Forward fill doesn’t respect data types strictly. If you have integer columns with NaN values, pandas converts them to float. After filling, you may need to convert back: df['col'] = df['col'].ffill().astype(int).
Consider interpolation for numeric data. If your missing values fall between two known points and linear interpolation makes sense, df.interpolate() might be more appropriate than forward fill.

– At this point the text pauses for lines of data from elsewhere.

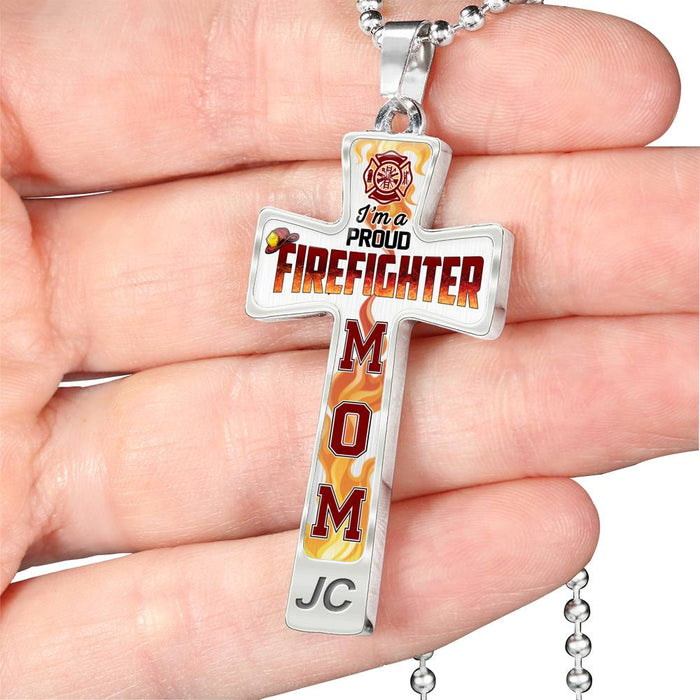 Firefighter Gift Ideas - I am a Proud Firefighter Mom Luxury Jewelry Cross Sign Necklace Inspiration Gifts- Best Present For Birthday Christmas or any Special Occasion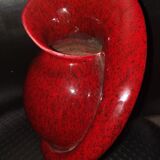 Ceramic rose heart vase by Fred and Andrée Stocker circa 1950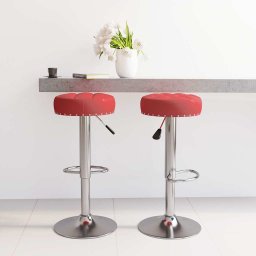 Scaune de bar, 2 buc., rosu vin, material textil GartenMobel Dekor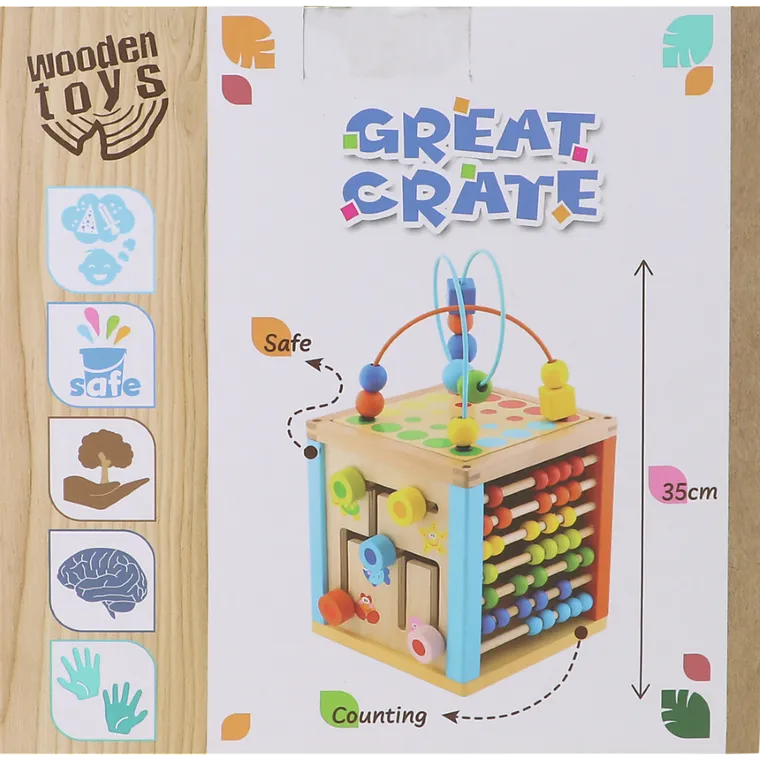 Trefl, Franek Sześcianek, kostka aktywności, drewniana zabawka edukacyjna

Forward fill is a blunt instrument—effective when the underlying assumption holds, misleading when it doesn’t. Use it for sequential data where “last known value” is meaningful, apply it within groups to prevent cross-contamination, and set reasonable limits to avoid propagating stale data.